One of the beauties of SQL Injection is that since SQL syntax is pretty much the same across different brands of databases, the same exploit can often be run successfully against Oracle, mySQL, MSSQL, PostgreSQL, and so on. Isn't that great?
It's beyond the scope of this blog to cover every possible form of SQL Injection, but we'll cover a typical one and give you guidelines on preventing injection exploits.
A Classic Exploit Example
Let's use a very simple SQL statement that selects a user name from a table. The (poorly-written) application doesn't do any screening of the input characters. In this case, the user has entered the name "john" into the form field on the page. The application grabs the name "john" from the form field and then uses it in a SQL query like this:
SELECT * FROM users WHERE user_name = 'john';
Nothing special about that, right? But what if we added something to the end of "john", as in the example below (shown underlined). What if, for example, we typed "john OR 'a' = 'a'" ? The application would grab the data in the form field and use it like this:
SELECT * FROM users WHERE user_name = 'john' OR 'a'='a';
If this code was used in an login system it would probably force the selection of a valid username because the evaluation of 't'='t' is always true. That's fairly benign, but what about if we went a step further and typed something else into the form field…something malicious?
SELECT * FROM users WHERE user_name = 'john' ;DROP TABLE users;
Whoops. Submit the form and the 'users' table disappears into the Big Wastebasket In The Sky.
That's the basic idea behind SQL Injection, but as with most things, there's quite a bit more to it than that. Wikipedia has a pretty good page on SQL Injection concepts; if you're unfamiliar with SQL Injection it would be well worth your time to check it out. Malicious data can be obfuscated (hidden) in innumerable ways such as octal encoding, using tabs or Base-64 encoding to fool injection filters, using deprecated HTML attributes to sneak in bad data, along with many other clever techniques.
Preventing SQL Injection
The theory behind preventing SQL Injection is blissfully simple:
Don't allow malicious code or inappropriate characters to be passed in to your application.

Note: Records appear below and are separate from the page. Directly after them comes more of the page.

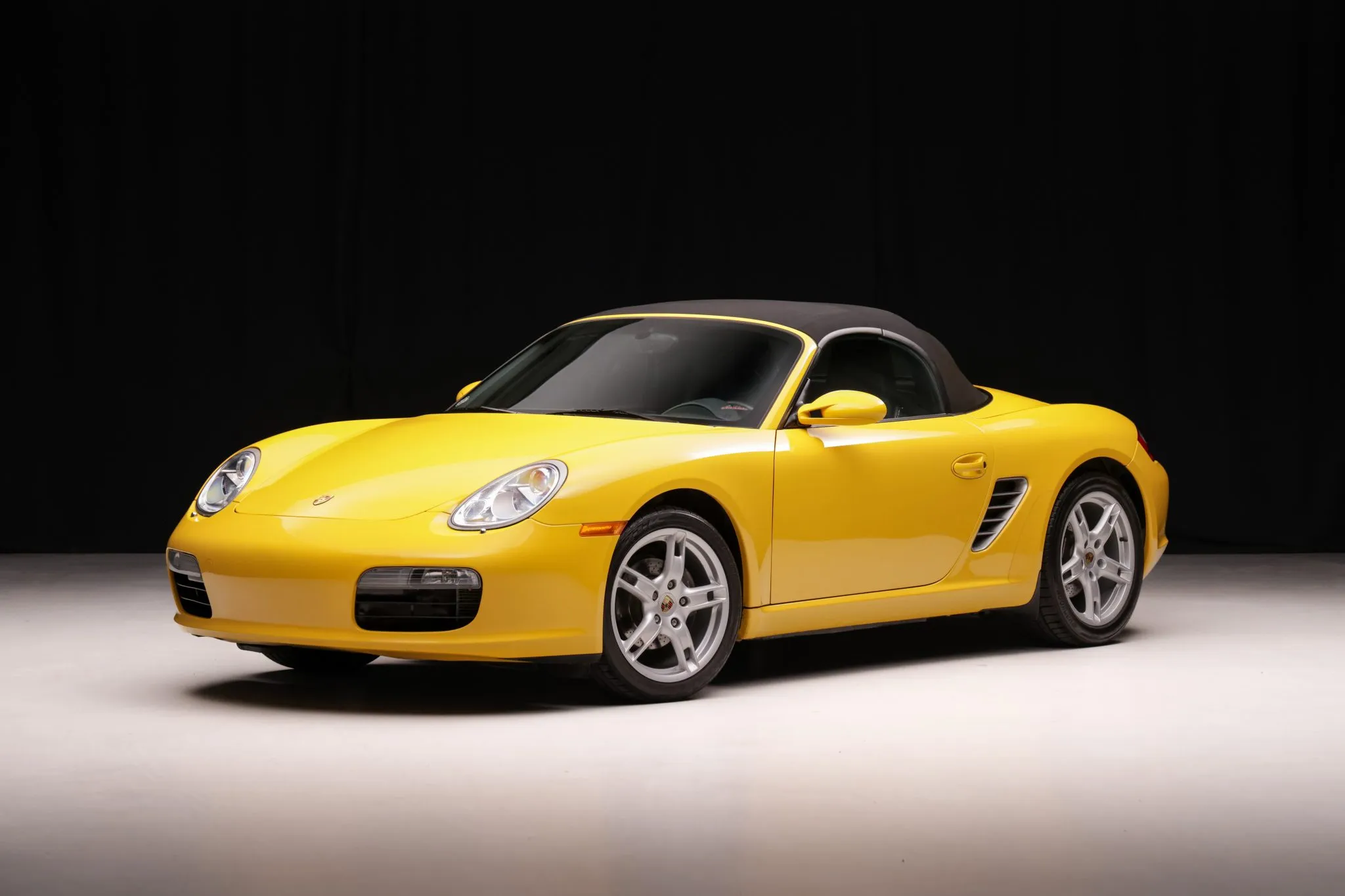 Load larger image of 2005 Porsche Boxster - Stuttcars Classified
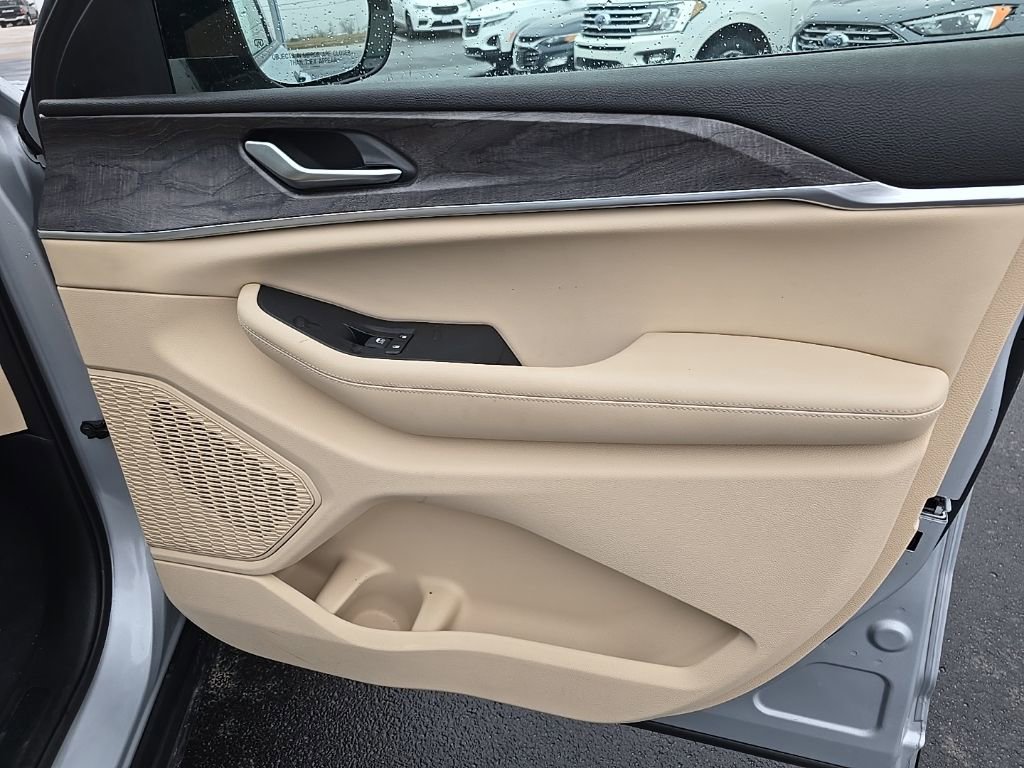 Used 2024 Jeep Grand Cherokee Limited AWD/4WD image 57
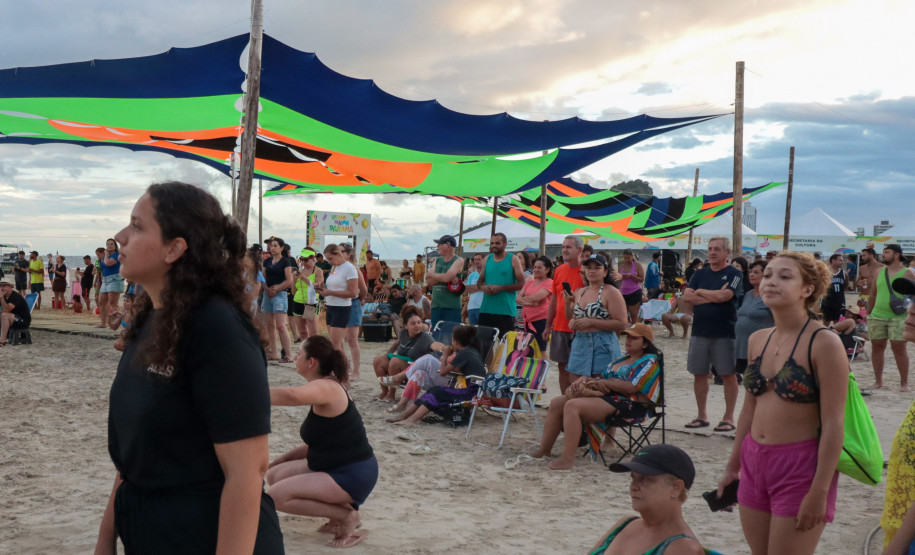 Pagode da banda Terezo e Campeonato Paranaense agitaram o Palco Sunset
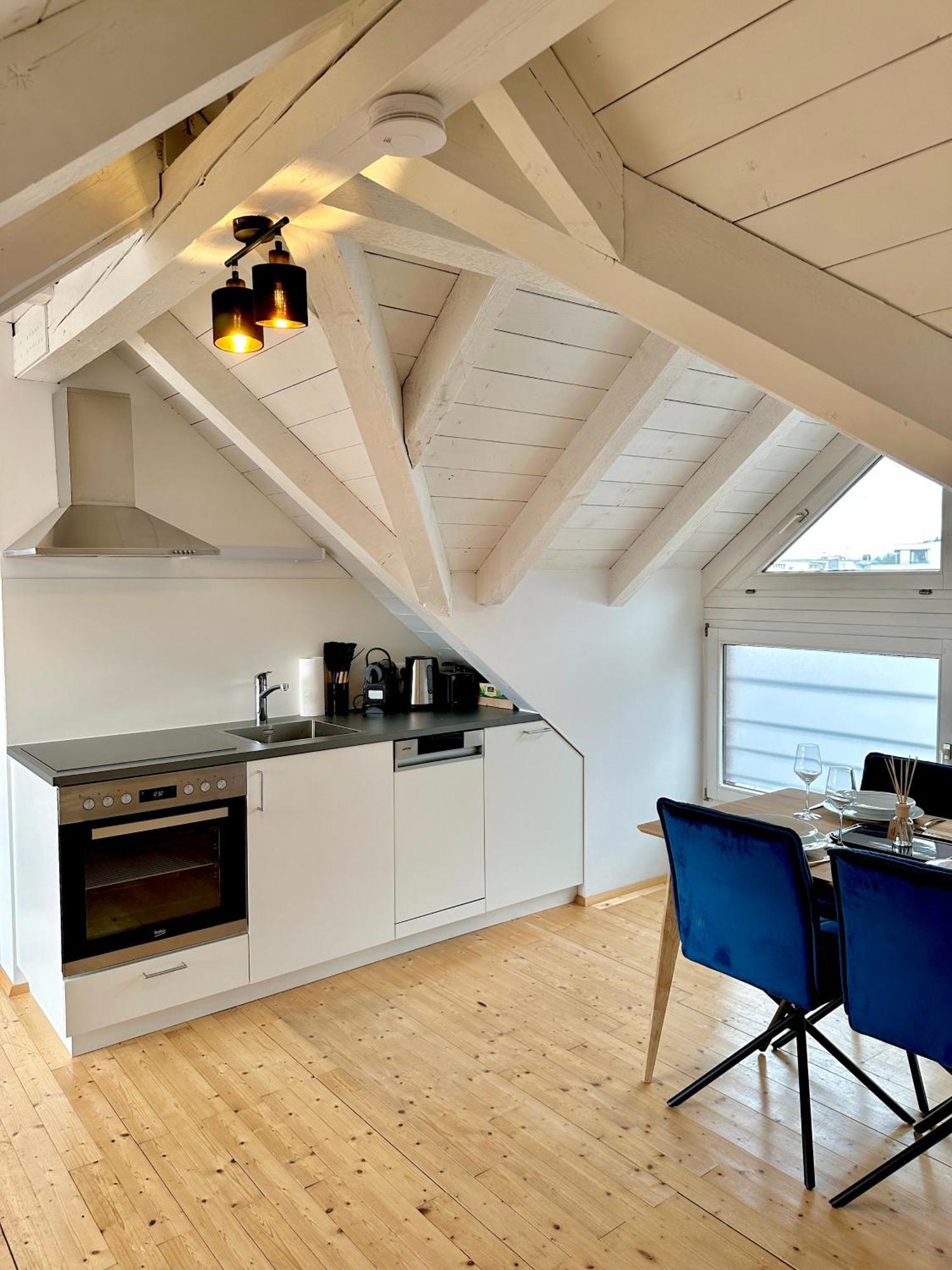 Zentrale Wohnung Mit Dachterasse Bregenz Bagian luar foto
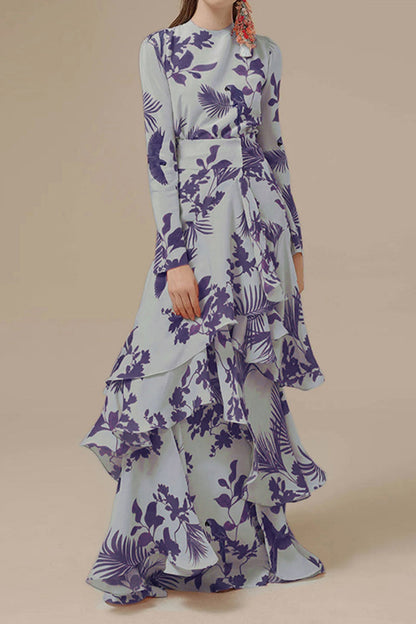 Elegante vestido asimétrico floral con cuello redondo irregular.
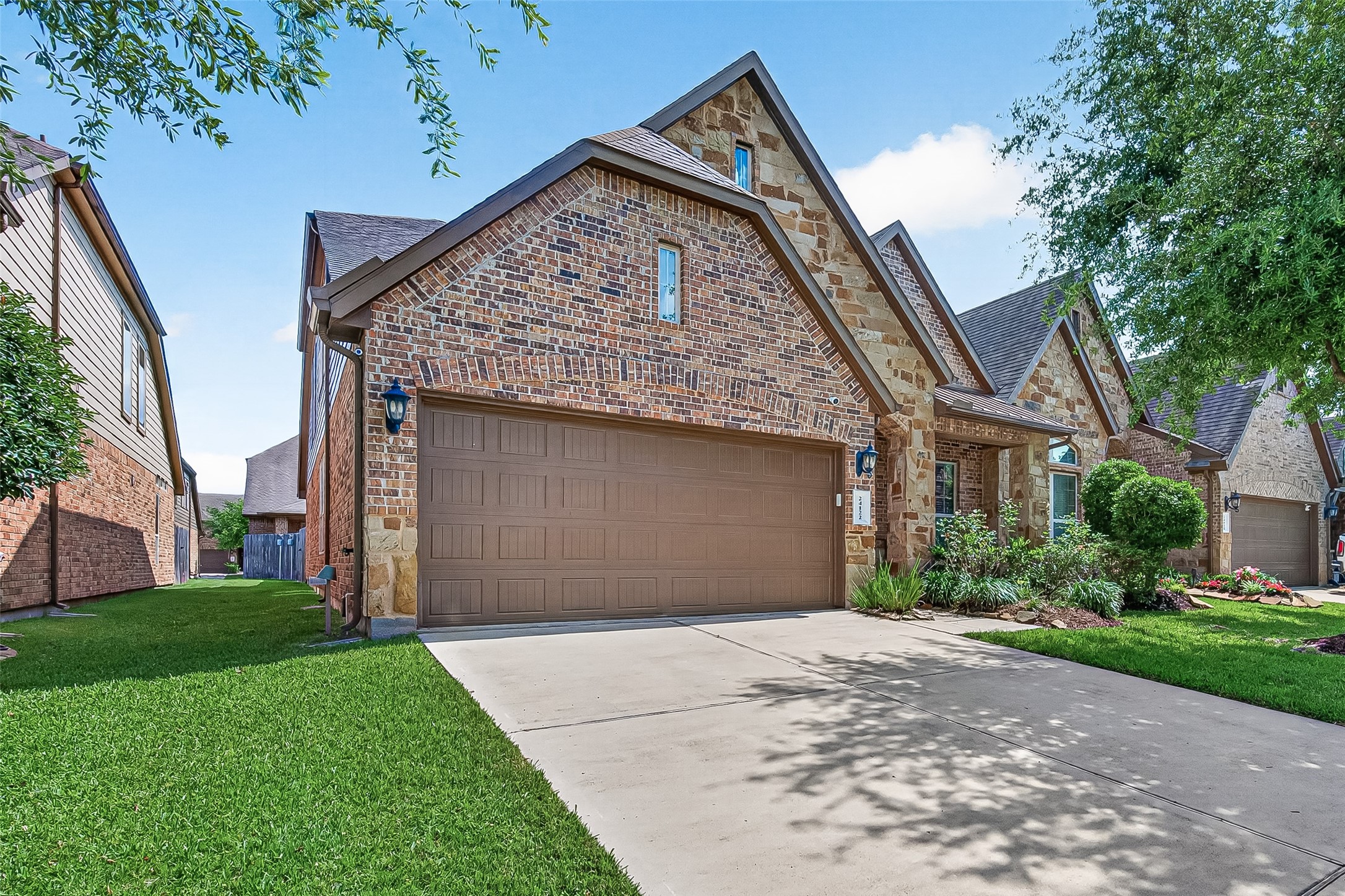 24122 Valencia Ridge Lane Property Photo 3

In other words, "sanitize your input data". Never, ever trust the network.
In practice it's usually a matter of checking for appropriate for the data types in the submitted data, and rejecting it or cleaning it if "naughty" characters are found.
You keep saying "characters", isn't it enough to just make sure words like "DROP" and "SELECT" and "UPDATE" aren't allowed to be passed in and processed?
No. Words like "DROP" and "SELECT" and "UPDATE" are perfectly normal words that may be found in legitimate user-submitted content. For example:
"Bob says that we're going to drop the XYZ Widget line; we should select a day to get rid of them and then update the inventory records."
What you want to do is
- screen out or escape characters that aren't appropriate for the data type (e.g. there's no need to have backticks or semi-colons in a submitted telephone number), or
- transform potentially malicious characters so they're safe to handle (e.g. transform HTML brackets into their respective HTML entities).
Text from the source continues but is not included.